• [What the task requires] Output each entry exactly; skip nothing.

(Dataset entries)
------------
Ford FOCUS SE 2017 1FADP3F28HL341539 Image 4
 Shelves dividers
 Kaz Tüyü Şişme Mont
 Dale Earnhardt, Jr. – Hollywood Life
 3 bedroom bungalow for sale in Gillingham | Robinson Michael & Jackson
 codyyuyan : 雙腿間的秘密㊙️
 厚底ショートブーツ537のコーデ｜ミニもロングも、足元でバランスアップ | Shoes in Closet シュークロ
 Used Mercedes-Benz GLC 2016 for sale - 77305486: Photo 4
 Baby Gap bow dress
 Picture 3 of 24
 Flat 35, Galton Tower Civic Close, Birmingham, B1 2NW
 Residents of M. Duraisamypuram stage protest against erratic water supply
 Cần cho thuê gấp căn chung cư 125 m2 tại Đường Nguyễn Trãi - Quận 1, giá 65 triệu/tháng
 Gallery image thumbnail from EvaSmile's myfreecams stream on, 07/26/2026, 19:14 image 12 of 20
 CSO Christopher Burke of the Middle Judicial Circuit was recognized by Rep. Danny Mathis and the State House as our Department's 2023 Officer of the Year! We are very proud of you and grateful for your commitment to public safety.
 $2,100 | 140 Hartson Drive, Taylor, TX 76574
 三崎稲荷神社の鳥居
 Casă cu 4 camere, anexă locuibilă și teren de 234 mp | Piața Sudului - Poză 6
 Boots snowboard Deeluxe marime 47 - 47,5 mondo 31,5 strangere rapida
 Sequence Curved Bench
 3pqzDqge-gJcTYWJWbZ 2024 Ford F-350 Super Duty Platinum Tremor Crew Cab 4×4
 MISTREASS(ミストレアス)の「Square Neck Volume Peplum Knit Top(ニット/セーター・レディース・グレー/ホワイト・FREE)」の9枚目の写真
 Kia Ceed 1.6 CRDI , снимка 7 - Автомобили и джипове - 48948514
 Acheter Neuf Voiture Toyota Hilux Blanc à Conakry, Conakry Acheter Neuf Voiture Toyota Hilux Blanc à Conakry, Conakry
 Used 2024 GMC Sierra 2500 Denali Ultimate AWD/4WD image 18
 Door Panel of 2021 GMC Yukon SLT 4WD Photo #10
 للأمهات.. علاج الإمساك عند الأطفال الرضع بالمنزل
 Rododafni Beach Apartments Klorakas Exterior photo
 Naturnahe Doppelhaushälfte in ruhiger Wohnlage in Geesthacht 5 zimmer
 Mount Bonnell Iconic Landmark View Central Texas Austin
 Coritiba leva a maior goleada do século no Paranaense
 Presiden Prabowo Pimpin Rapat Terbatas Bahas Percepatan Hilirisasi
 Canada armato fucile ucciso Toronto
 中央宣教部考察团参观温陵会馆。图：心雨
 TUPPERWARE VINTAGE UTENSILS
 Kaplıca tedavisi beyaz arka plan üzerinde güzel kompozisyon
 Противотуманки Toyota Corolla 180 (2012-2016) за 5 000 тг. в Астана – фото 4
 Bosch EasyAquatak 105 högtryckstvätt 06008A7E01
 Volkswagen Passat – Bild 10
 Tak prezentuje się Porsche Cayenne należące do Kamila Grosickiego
------------
• [Response to this exercise]
Ford FOCUS SE 2017 1FADP3F28HL341539 Image 4
 Shelves dividers
 Kaz Tüyü Şişme Mont
 Dale Earnhardt, Jr. – Hollywood Life
 3 bedroom bungalow for sale in Gillingham | Robinson Michael & Jackson
 codyyuyan : 雙腿間的秘密㊙️
 厚底ショートブーツ537のコーデ｜ミニもロングも、足元でバランスアップ | Shoes in Closet シュークロ
 Used Mercedes-Benz GLC 2016 for sale - 77305486: Photo 4
 Baby Gap bow dress
 Picture 3 of 24
 Flat 35, Galton Tower Civic Close, Birmingham, B1 2NW
 Residents of M. Duraisamypuram stage protest against erratic water supply
 Cần cho thuê gấp căn chung cư 125 m2 tại Đường Nguyễn Trãi - Quận 1, giá 65 triệu/tháng
 Gallery image thumbnail from EvaSmile's myfreecams stream on, 07/26/2026, 19:14 image 12 of 20
 CSO Christopher Burke of the Middle Judicial Circuit was recognized by Rep. Danny Mathis and the State House as our Department's 2023 Officer of the Year! We are very proud of you and grateful for your commitment to public safety.
 $2,100 | 140 Hartson Drive, Taylor, TX 76574
 三崎稲荷神社の鳥居
 Casă cu 4 camere, anexă locuibilă și teren de 234 mp | Piața Sudului - Poză 6
 Boots snowboard Deeluxe marime 47 - 47,5 mondo 31,5 strangere rapida
 Sequence Curved Bench
 3pqzDqge-gJcTYWJWbZ 2024 Ford F-350 Super Duty Platinum Tremor Crew Cab 4×4
 MISTREASS(ミストレアス)の「Square Neck Volume Peplum Knit Top(ニット/セーター・レディース・グレー/ホワイト・FREE)」の9枚目の写真
 Kia Ceed 1.6 CRDI , снимка 7 - Автомобили и джипове - 48948514
 Acheter Neuf Voiture Toyota Hilux Blanc à Conakry, Conakry Acheter Neuf Voiture Toyota Hilux Blanc à Conakry, Conakry
 Used 2024 GMC Sierra 2500 Denali Ultimate AWD/4WD image 18
 Door Panel of 2021 GMC Yukon SLT 4WD Photo #10
 للأمهات.. علاج الإمساك عند الأطفال الرضع بالمنزل
 Rododafni Beach Apartments Klorakas Exterior photo
 Naturnahe Doppelhaushälfte in ruhiger Wohnlage in Geesthacht 5 zimmer
 Mount Bonnell Iconic Landmark View Central Texas Austin
 Coritiba leva a maior goleada do século no Paranaense
 Presiden Prabowo Pimpin Rapat Terbatas Bahas Percepatan Hilirisasi
 Canada armato fucile ucciso Toronto
 中央宣教部考察团参观温陵会馆。图：心雨
 TUPPERWARE VINTAGE UTENSILS
 Kaplıca tedavisi beyaz arka plan üzerinde güzel kompozisyon
 Противотуманки Toyota Corolla 180 (2012-2016) за 5 000 тг. в Астана – фото 4
 Bosch EasyAquatak 105 högtryckstvätt 06008A7E01
 Volkswagen Passat – Bild 10
 Tak prezentuje się Porsche Cayenne należące do Kamila Grosickiego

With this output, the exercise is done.